GCP provides NFS filestore, which can be created or managed at https://console.cloud.google.com/filestore. Take note of IP address and export path for NFS mount or PVC.

Microsoft Azure

Azure provides three ways to create a cluster: GUI, CLI and Terraform module, with Terraform as tutorials. They support both PowerShell and BASH by default in Cloud Shell. In addition, Terraform is installed by default in Cloud Shell, too.

  1. Log onto MSA.
  2. Create a AKE cluster via GUI, gcloud command or Terraform module.
  3. Deploy Helm chart nfs-server-provisioner to define a storage class.
  4. Deploy PVC for shared storage.
  5. Deploy Rfam StatefulSet for the workload and private storage.

Note: Initialize Terraform with the instructions. Make sure the storage container is created and Terraform is initialized to use it for state. Also make sure that service principle for RBAC is created.
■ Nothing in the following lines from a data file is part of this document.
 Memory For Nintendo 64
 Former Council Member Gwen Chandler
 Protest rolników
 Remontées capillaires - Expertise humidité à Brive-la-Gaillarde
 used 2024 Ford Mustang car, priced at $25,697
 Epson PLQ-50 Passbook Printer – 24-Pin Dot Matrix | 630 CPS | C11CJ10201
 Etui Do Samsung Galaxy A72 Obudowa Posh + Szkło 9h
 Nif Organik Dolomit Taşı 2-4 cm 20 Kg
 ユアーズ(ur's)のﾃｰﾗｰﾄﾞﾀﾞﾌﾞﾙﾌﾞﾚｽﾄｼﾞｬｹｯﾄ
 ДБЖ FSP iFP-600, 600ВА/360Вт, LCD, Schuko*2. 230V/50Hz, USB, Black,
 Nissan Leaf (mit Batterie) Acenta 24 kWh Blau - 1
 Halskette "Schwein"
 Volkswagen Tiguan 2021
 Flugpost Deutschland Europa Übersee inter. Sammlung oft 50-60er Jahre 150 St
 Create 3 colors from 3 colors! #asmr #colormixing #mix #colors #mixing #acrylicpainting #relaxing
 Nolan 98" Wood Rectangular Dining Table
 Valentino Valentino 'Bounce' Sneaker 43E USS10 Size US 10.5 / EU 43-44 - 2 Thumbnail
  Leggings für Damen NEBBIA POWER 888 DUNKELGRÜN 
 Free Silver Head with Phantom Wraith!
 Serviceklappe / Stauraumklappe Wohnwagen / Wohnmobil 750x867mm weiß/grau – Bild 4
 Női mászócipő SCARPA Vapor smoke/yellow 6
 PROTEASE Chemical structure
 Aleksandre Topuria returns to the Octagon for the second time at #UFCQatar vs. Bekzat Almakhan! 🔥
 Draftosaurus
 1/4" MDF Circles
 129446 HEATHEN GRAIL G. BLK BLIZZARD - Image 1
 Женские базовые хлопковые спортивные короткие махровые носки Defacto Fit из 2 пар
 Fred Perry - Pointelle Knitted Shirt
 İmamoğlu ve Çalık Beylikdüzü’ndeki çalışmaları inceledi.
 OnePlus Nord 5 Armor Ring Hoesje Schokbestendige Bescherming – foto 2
Tip: clouddrive unmount may be needed if the subscription with the storage for clouddrive is disabled or deleted.

OpenStack

The Embassy cloud is based on RedHat version of OpenStack. It does not support Magnum. Therefore, Kubernetes must run on VMs on Embassy. The home-grown cpa-kubernetes is used.

  1. Log onto ECP
  2. Import https://github.com/EMBL-EBI-TSI/cpa-kubernetes into ECP.
  3. Deploy the two CPAs. Take note of the IP address and export path. Note that if an NFS server is available, cpa-nfs-server-and-vol does not need to be deployed.
  4. Deploy Helm chart nfs-client-provisioner to define a storage class.
  5. Deploy PVC for shared storage.
  6. Deploy Rfam StatefulSet for the workload and private storage.

Note: cpa-kubernetes creates a single master. Run all commands from the master.